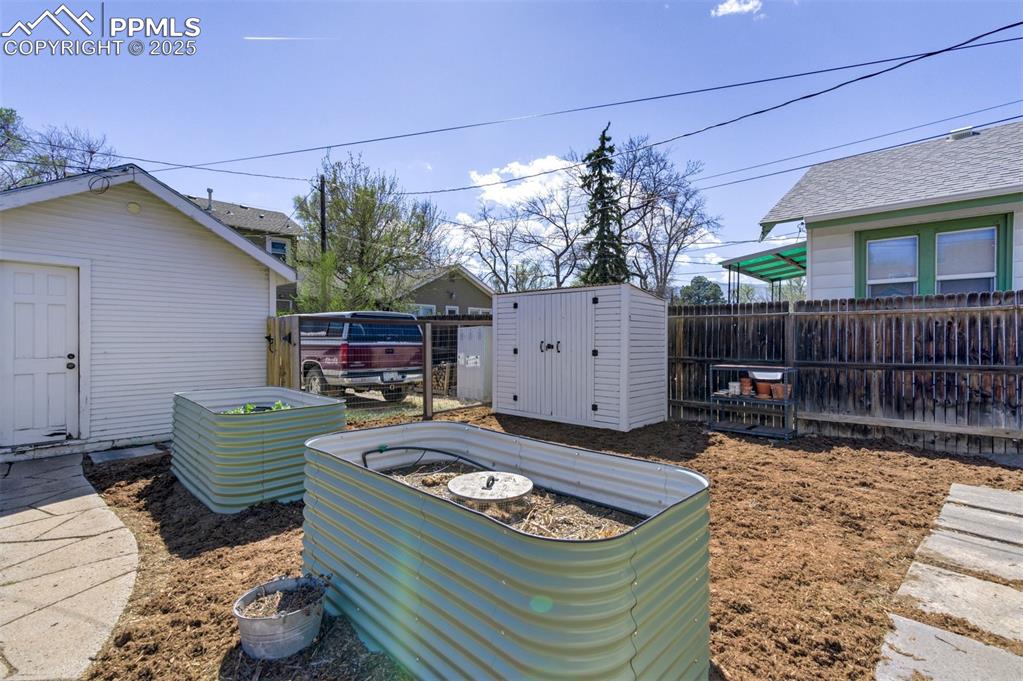 Image 36 of 49: Fenced backyard with a storage shed and a vegetable garden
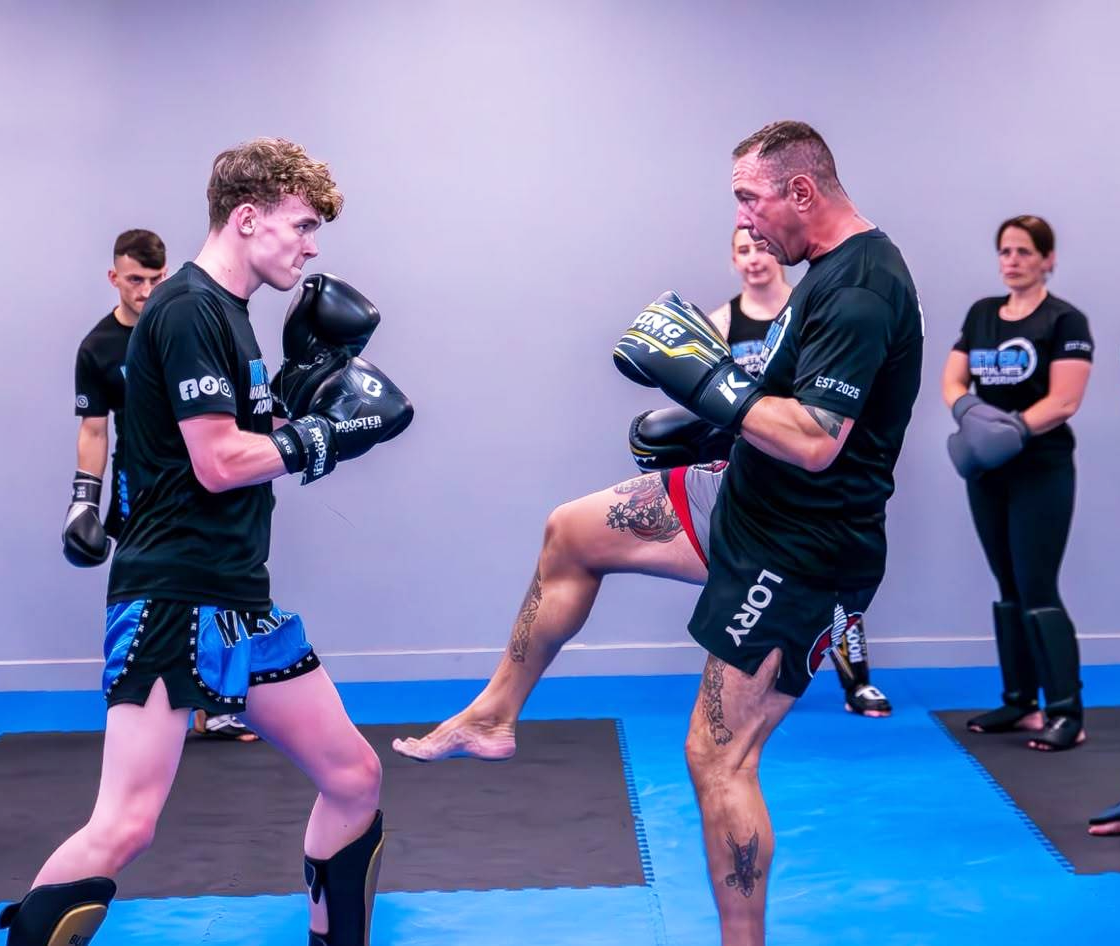 Coach training a young student with focus mitts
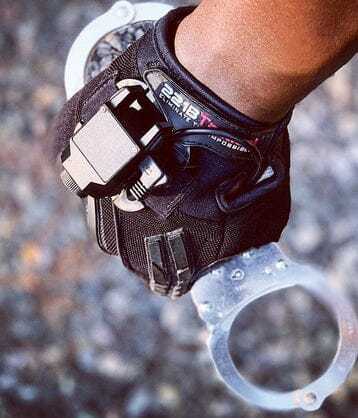 Guardian Gloves Pro providing superior hand protection and grip while holding handcuffs.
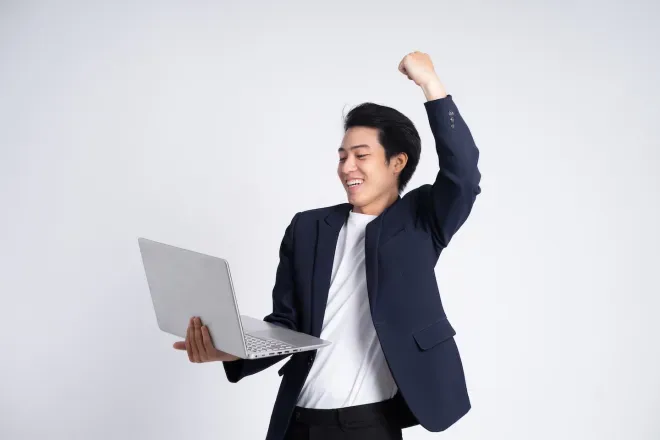 man with laptop excited expression man with laptop excited expression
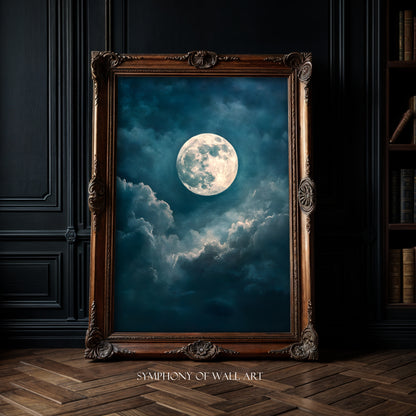 Framed artwork of a moonlit sky with clouds in a dark room.
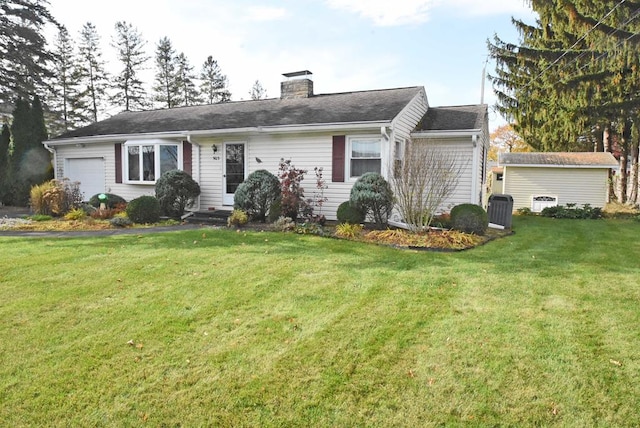 single story home with a garage and a front lawn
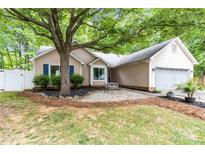 Charming single-story home featuring a well-manicured front yard and cozy entryway bench at 6736 Raeburn Ln, Charlotte, NC 28227
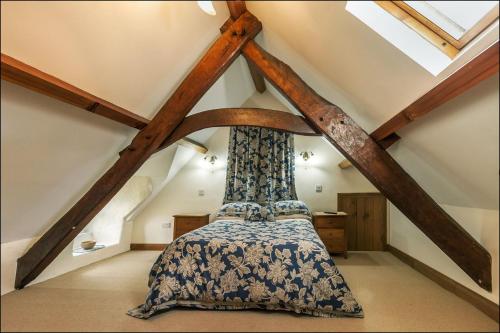 a bedroom with a canopy bed in a attic at Betws Bach in Criccieth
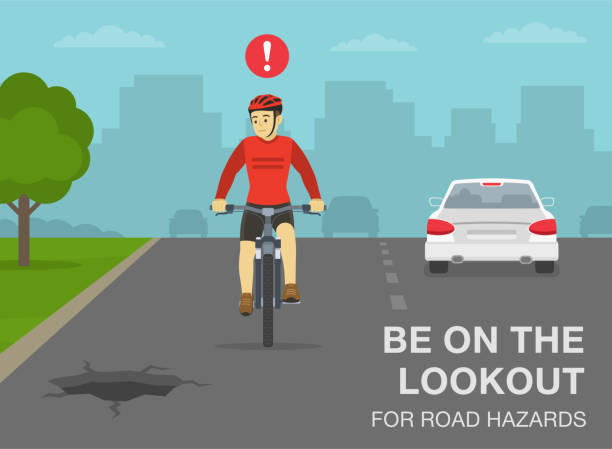 안전한 자전거 타기 규칙 및 팁. 도로 위험에 주의하십시오. 도로의 구멍을 보고 있는 자전거 타는 사람의 정면모습. - rules of the road stock illustrations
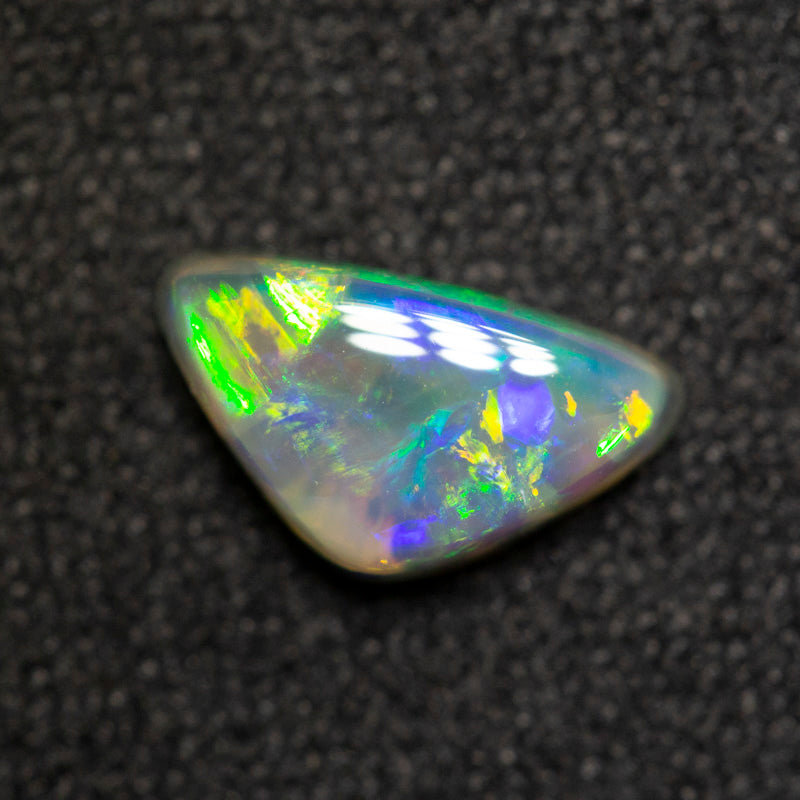 0.82 ct dark opal 8.6x4.9x3mm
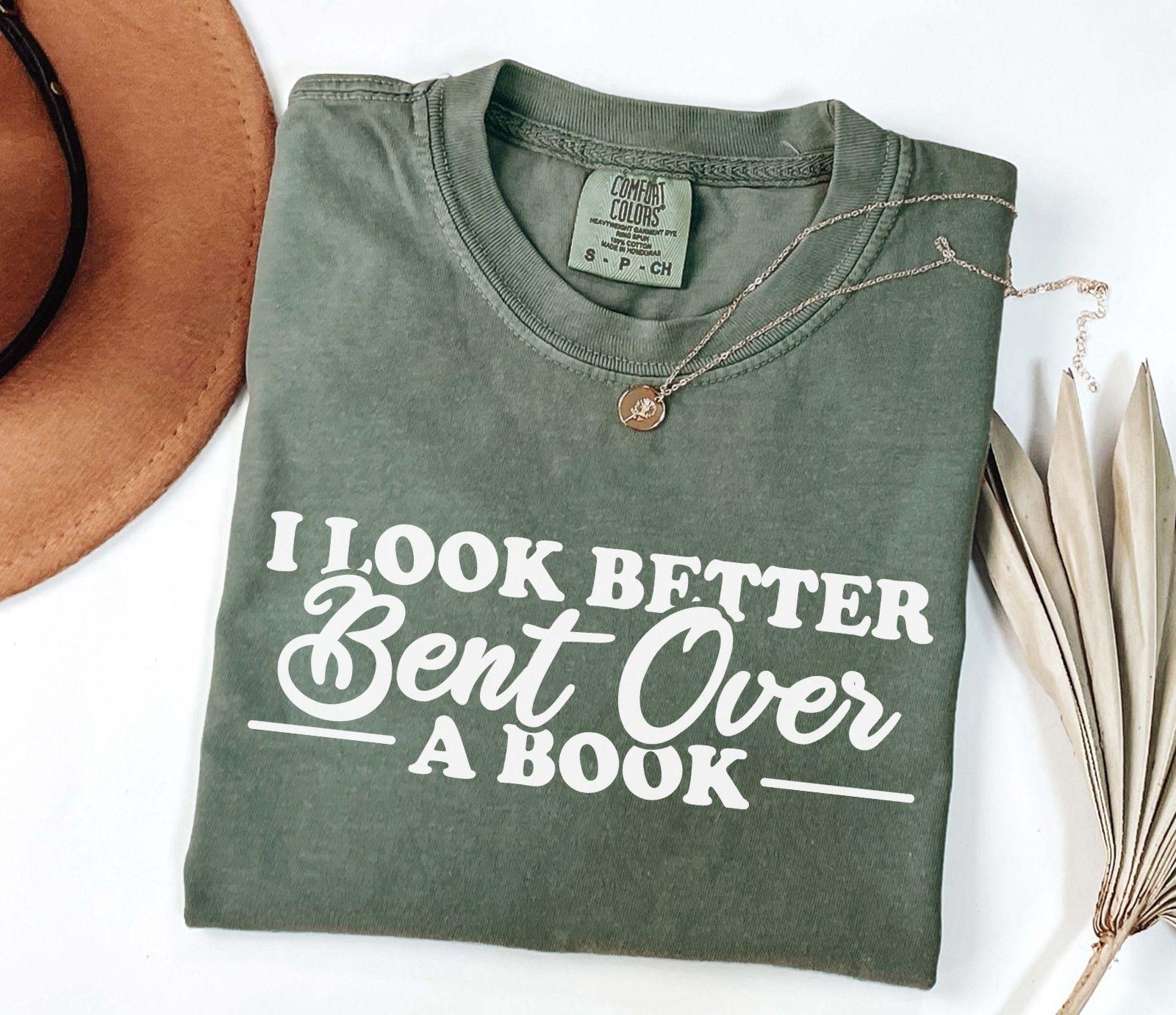 A comfort colors® shirt with the saying "I look better bent over a book"
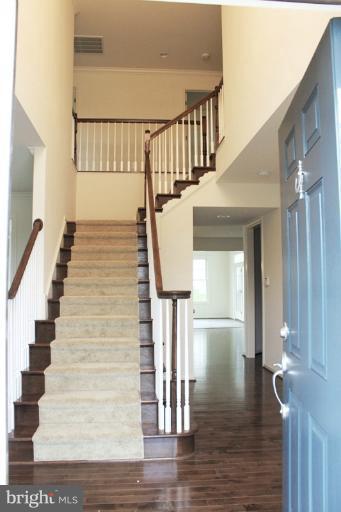 13773 Night Sky Drive Silver Spring, MD 20906 - Photo 14 of 20 a view of entryway and hall with wooden floor
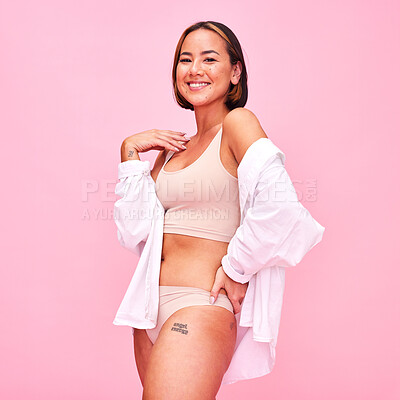 Buy stock photo Asian woman, underwear and smile in studio portrait, shirt and beauty with healthy body by pink background. Japanese fashion model, girl and lingerie with confidence, body positive and cosmetics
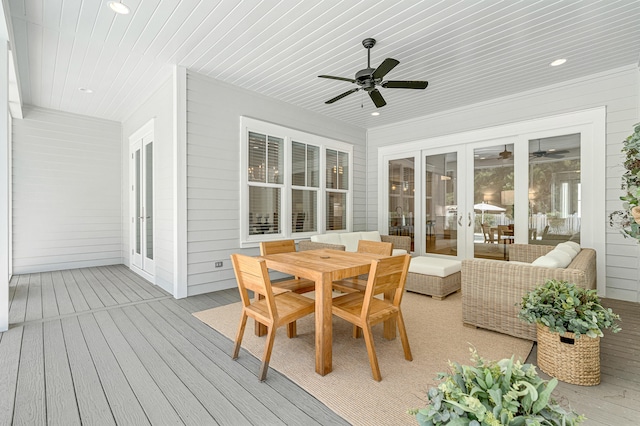 sunroom / solarium with wood ceiling, ceiling fan, and french doors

**WHAT IS NEEDED:**
Using the data above, print only the lines starting at the one with "Guardian Gloves Pro" and ending at the one with "single story home", exactly as they stand, minus the pictures.

**RESULT FOR THIS EXERCISE:**
 Guardian Gloves Pro providing superior hand protection and grip while holding handcuffs.
 man with laptop excited expression man with laptop excited expression
 Framed artwork of a moonlit sky with clouds in a dark room.
 single story home with a garage and a front lawn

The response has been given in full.